Chapter 7
Grouping Data

Introduction

In this chapter you will learn how to use the GROUP BY and HAVING clauses to group and filter data.

Keywords

GROUP BY

HAVING

ORDER BY

WHERE

Definitions

GROUP BY clause — Used with aggregate functions to combine groups of records into a single functional record.

HAVING clause — Used with the GROUP BY clause to set conditions on groups of data calculated from aggregate functions.

The GROUP BY Clause

In Chapter 4 we covered the ORDER BY clause, which affects the results of a query by returning records in either descending or ascending order. In this chapter we will be covering the GROUP BY clause, which is used with aggregate functions to combine groups of records into a single record. We briefly mentioned a method of grouping records in Chapter 6 with the discussion of aggregate functions.
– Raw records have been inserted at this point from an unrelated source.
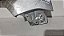 Paralama Lado Direito Vw Polo 2007 a 2014 Com detalhe - Imagem 8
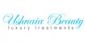 mobile beauty therapists in UCKFIELD - Ushuaia Beauty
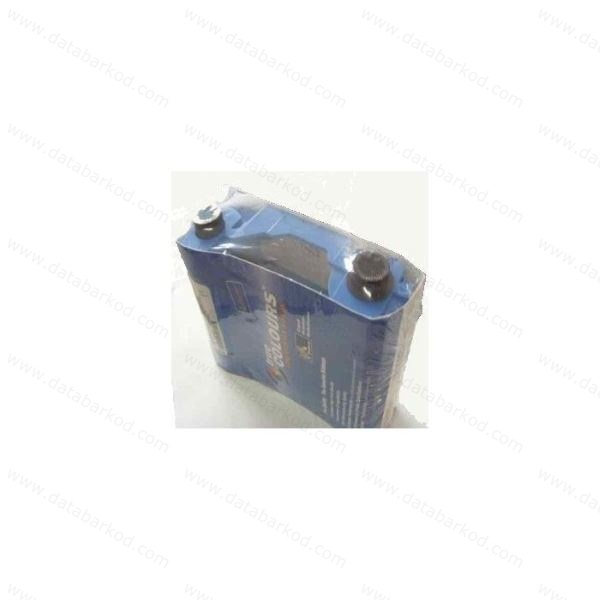 RIBBON P330i SERISI RENKLI 200 BASKI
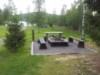 Bild 13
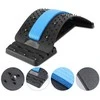 Phoneparts Nugaros tempimo ir masažo lenta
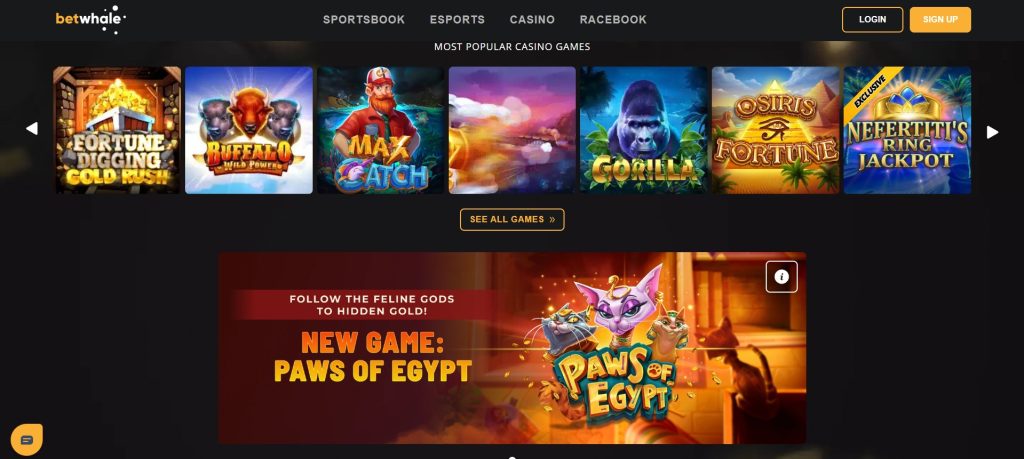 casino mi online game casino mi online game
Recall that they are used to return a single value based on values stored in a column. Examples of aggregate functions include the following: AVG (), COUNT (), MAX (), MIN (), and SUM (). The GROUP BY clause is far more powerful since it provides a means for grouping specific subsets of records and presenting calculations on each of the subsets.
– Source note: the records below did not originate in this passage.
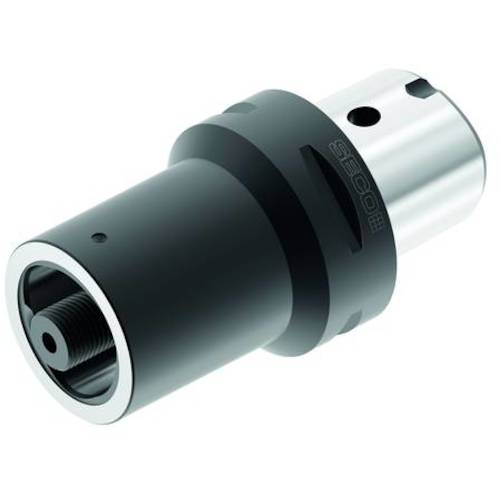 セコ・ツールズ・ジャパン（Seco）　ツーリング　Ｃａｐｔｏホルダ　Ｃ６ー３９１．０２　【品番：C6-391.02-50080A】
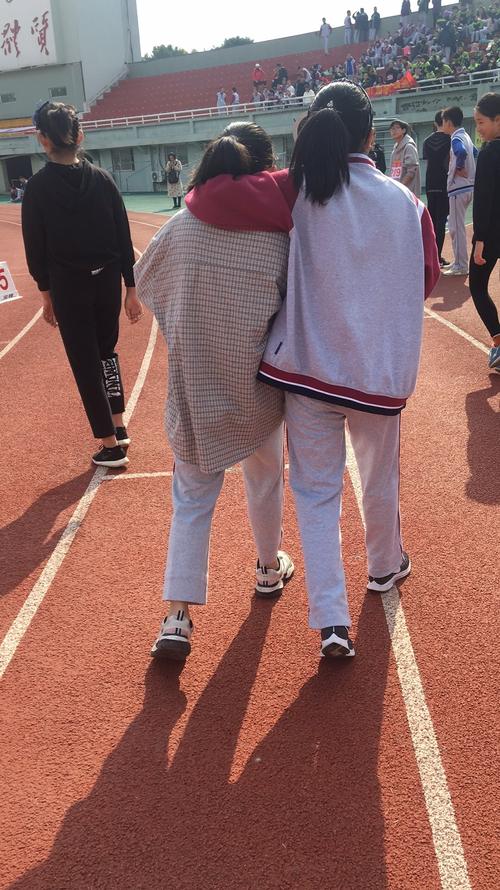 前进_550字的挫折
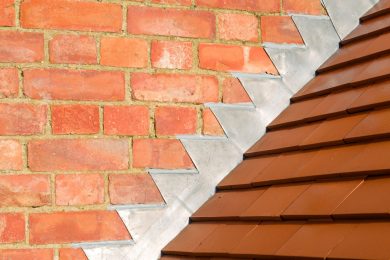 Roof repairs and Lead Work Wimborne
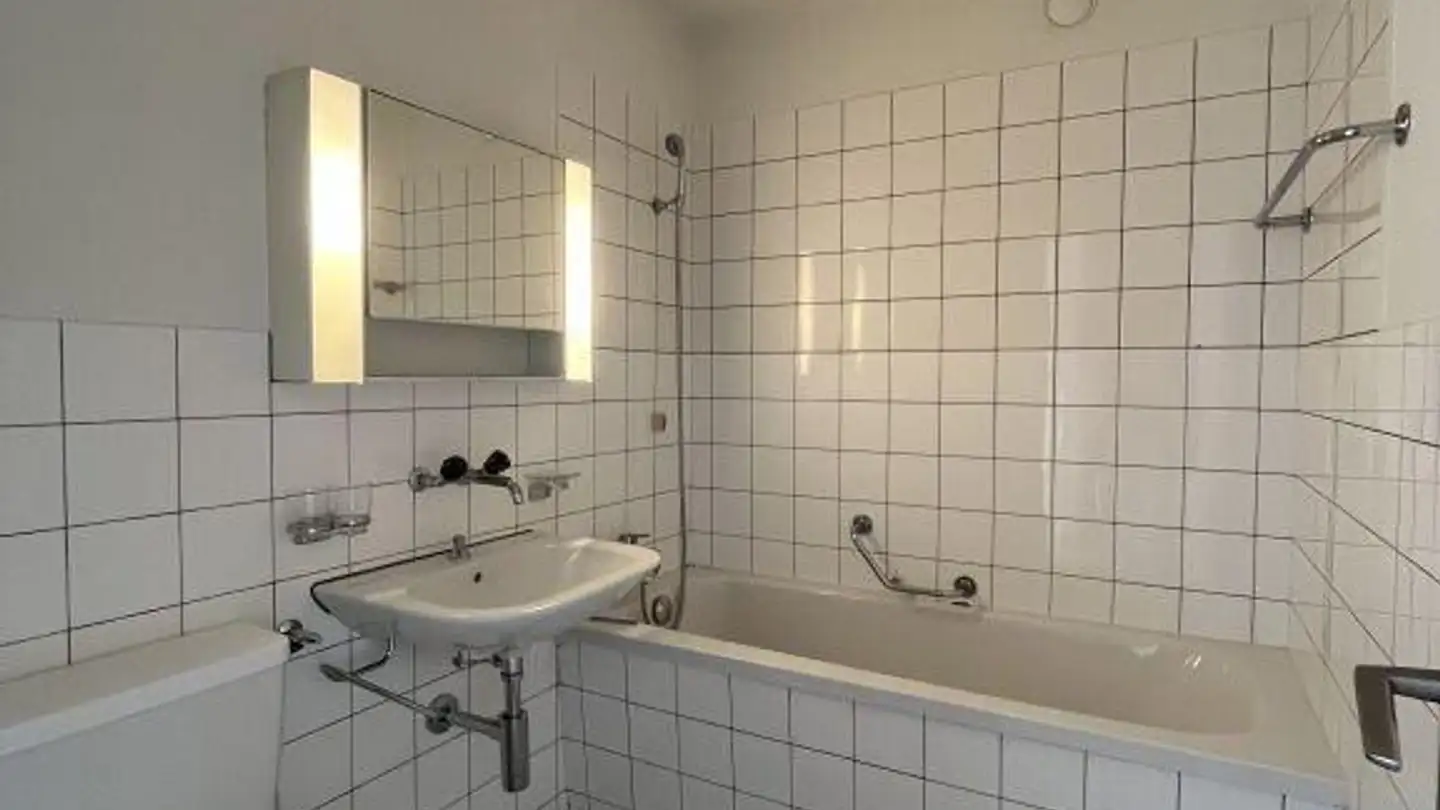 Appartamento in affitto - Nollenstrasse 16, 8570 Weinfelden - Foto 4
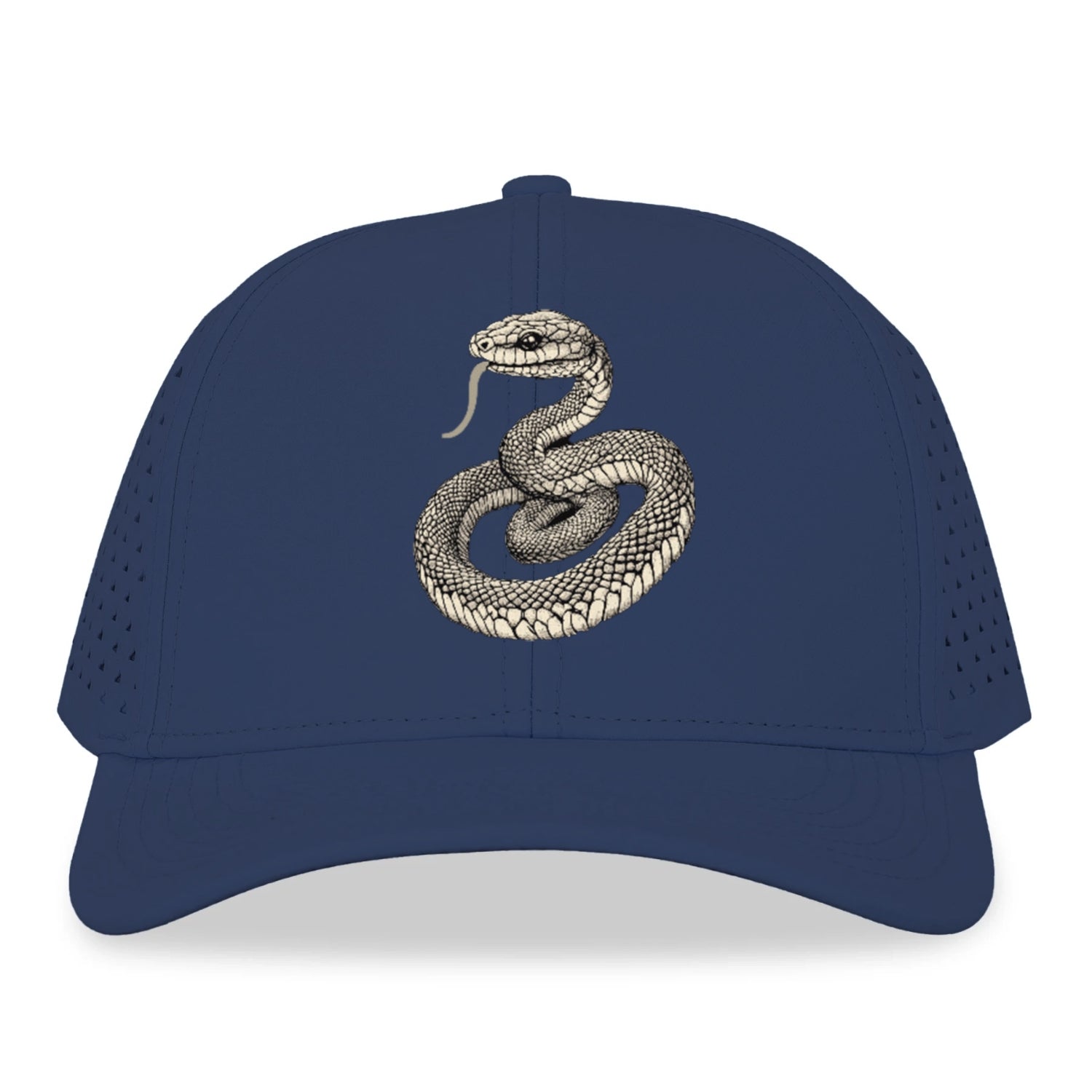 Year Of Snake Hat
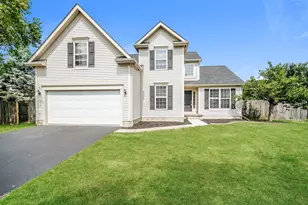 4430 Windrow Dr, Grove City, OH 43123 - Photo 1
Before we get started using the GROUP BY clause, let’s take a moment to discuss the rules for using the GROUP BY clause. To use the GROUP BY clause the following must apply:

The GROUP BY clause can only be used in queries that contain at least one aggregate function. (Otherwise there is no need for the GROUP BY!)

All column names retrieved from the database (specified after the SELECT keyword) must be present in the GROUP BY clause. Note that this does not include column names that are specified within functions or alternate column names (aliases).

You have probably used the GROUP BY clause without realizing it since every time you run a query in the query grid with Totals turned on, you are in effect running an aggregate query (see Figure 7-1).

Figure 7-1

Enabling Totals modifies the query grid by adding the Total row to the grid. Using the Totals option (located under the Design menu) for each field presents the user with several functions, including Group By (the default that is used when totals are not desired).

Example 1

Figure 7-2. Transactions table

Figure 7-2 shows a table named Transactions. The Transactions table represents sales at a company. The TransactionID column is the primary key column. The ProductID column represents a unique ID for products, and each product ID contains a corresponding customer ID that represents a customer. Customer IDs that appear more than once represent customers who purchased multiple products. The DateSold column represents the date a product was sold.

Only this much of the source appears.